As well as counting down the top twelve films, I’m also going to count down my top twelve movie related “moments” of 2012. The term “moment” is elastic, so expect some crazy nonsense here. And, as usual, I accept that my taste is completely absurd, so I fully expect you to disagree. With that in mind, this is #2

When it comes to end of year “best of” lists, comedy seems to draw the short straw as a genre. Like some of the less earnest genres, comedy is far too easily overlooked in favour of something more “worthy” of attention. Seth MacFarlane’s Ted has been something of a contentious film this year. Depending on where you sit, the film is either the epitome of everything wrong with American comedy, or it was a refreshingly profane yet heartfelt breath of fresh air. I lean more towards the latter than the former, and I appreciated the way that it played to MacFarlane’s strengths – concealing a surprisingly sincere sentiment behind a cynical and glib exterior.

As such, it’s no surprise that the most effective sequence in the film – the opening credits – managed to play to both that side of MacFarlane and also to his wonderful ability to channel pop culture as something of a shared collective history. Call me sappy, but there was something wonderful about seeing Ted interact with Johnny Carson and watching Ted and John queue for The Phantom Menace in costume, that created a tangible sense of back story between the characters.
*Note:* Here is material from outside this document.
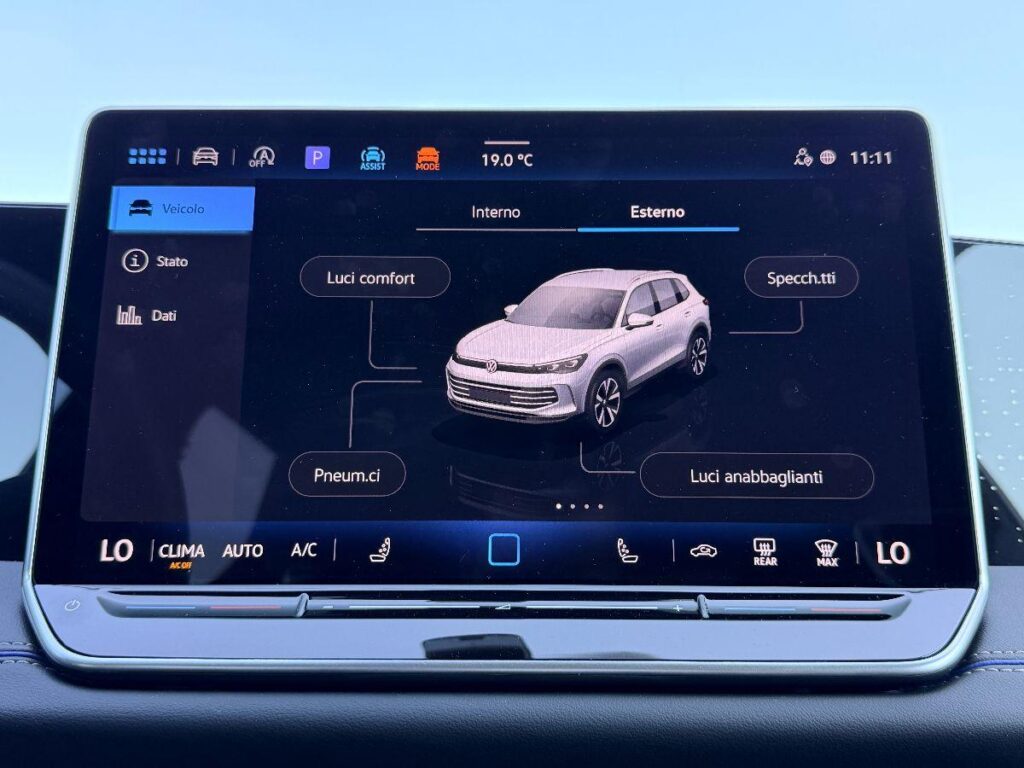 NEW VOLKSWAGEN - Tiguan  2.0 tdi R-Line 150cv dsg#FARI LED MATRIX!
MacFarlane has been criticised for an over-reliance on pop culture as part of his comedic stylings. Some of his more vocal critics would argue that his style of comedy is nothing but juvenile riffs on pop culture standards. While I’ll concede that those sorts of cut-away gags, name-dropping and cheap shots have occasionally been a crutch of some of the work he is associated with, I think that’s a bit harsh. At his best, MacFarlane does a wonderful job creating a relatively broad sense of familiarity to a generation of people who grew up with mass media.

MacFarlane’s approach to comedy wouldn’t really have worked even two decades ago, before the era of the multi-channel cable, before the internet, before it pop culture became so incredible vast and so incredibly widespread that virtually everybody on the planet could get gags at the expense of American cultural institutions. To be fair, it’s an acquired taste, and I can understand criticisms that such an approach might be American-centric, but I’d argue that given the reach of pop culture, it can be a strangely effective one.


As such, Ted effectively manages to establish the relationship between John and his talking teddy bear in a clever way by grounding it in instantly recognisable moments. Hearing that John and Ted did everything together is grand, but we get a sense of how deep their affection must be when we see them attend a midnight screening of The Phantom Menace together, John dressed as Darth Maul and Ted as Yoda.

Similarly, their appreciation of Flash Gordon together (“it’s so bad, but so good”) is the kind of detail that seems like a tangible piece of character development. It’s the kind of thing that seems so strangely and weirdly personal, yet it’s something we can all relate to. We might not share John and Ted’s devotion to the film, but we can imagine how two stoners in Boston might take their obsession with Sam Jones to the next frickin’ level.


It does an excellent job of instantly establishing the dynamic of the two – they are, effectively, children refusing to grow up – and it does it in a way that never feels quite as nasty as it could. While it’s easy to lambaste a spoilt man-child for neglecting obligations or refusing to move past childish obsessions, it’s somewhat harder to begrudge a man for still heartily enjoying a cheesy eighties space opera. And that’s the beauty of MacFarlane’s Ted.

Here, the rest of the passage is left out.